In this low-pressure EGR cooler, engine cooling water for cooling the engine is used as a cooling medium, but the temperature of the engine cooling water on the side receiving heat by heat exchange is relatively high at about 80 ° C. The low-pressure EGR gas on the side that is heated and cooled by heat exchange on one side is also low because it passes through the exhaust purification device, so the cooling efficiency of the low-pressure EGR gas in the low-pressure EGR cooler is low There is a problem of being bad.

Japanese Patent Application No. 2011-220171

Therefore, the present inventors need to cool electric equipment such as a motor generator, an inverter, and a battery in a hybrid vehicle equipped with a hybrid system including an internal combustion engine and a motor generator. This cooling water passage is provided with an independent cooling water passage for the motor generator. The temperature of the cooling water for the motor generator used for cooling the electric equipment is about 50 ° C., which is lower than the temperature of about 80 ° C. for the cooling water for the engine.
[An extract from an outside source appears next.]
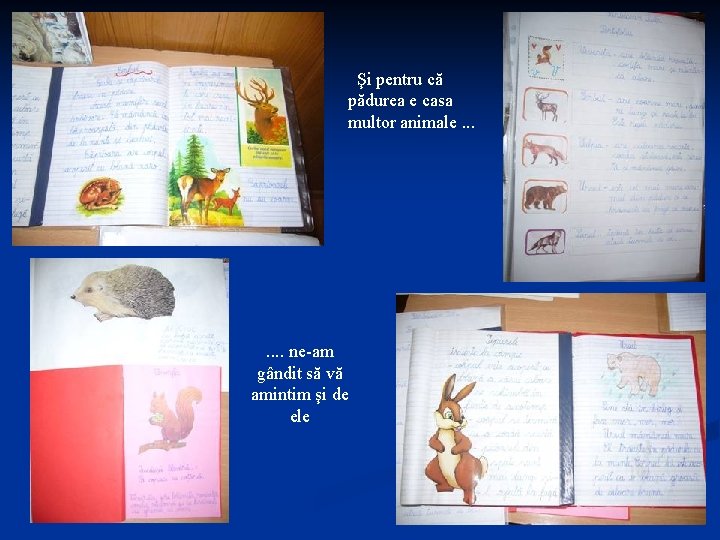 Şi pentru că pădurea e casa multor animale. . . . ne-am gândit să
In a hybrid vehicle equipped with a supercharging system and a low-pressure EGR system, the cooling water for the low-pressure EGR cooler is used by using the cooling water for the electric equipment instead of the cooling water for the engine of the prior art as the cooling medium for the low-pressure EGR cooler. It was found that the performance can be improved and the cooling efficiency of the low-pressure EGR gas can be improved.
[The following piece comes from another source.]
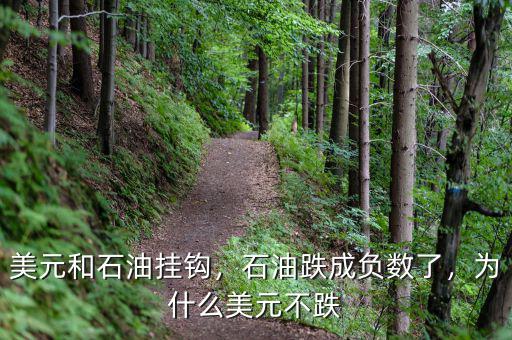 美元和石油掛鉤，石油跌成負(fù)數(shù)了，為什么美元不跌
The present invention has been made in view of the above, and an object of the present invention is to provide a hybrid system, a hybrid vehicle, and an EGR method for a hybrid system in which an internal combustion engine of the hybrid system is provided with a supercharging system and a low pressure EGR system. Provided are a hybrid system, a hybrid vehicle, and an EGR method for a hybrid system that can secure a sufficient EGR amount, reduce the amount of NOx generated in a cylinder, and reduce the heat load of a compressor to improve durability. That is.

In order to achieve the above object, a hybrid system according to the present invention is a hybrid system including a motor generator, an internal combustion engine having a supercharging system and a low pressure EGR system, and an exhaust passage downstream of a turbine of the supercharging system. In addition, a low pressure EGR cooler is provided in a low pressure EGR passage connecting an intake passage upstream of the compressor of the supercharging system, and the low pressure EGR cooler cools the low pressure EGR gas with cooling water for cooling the motor generator. To be configured.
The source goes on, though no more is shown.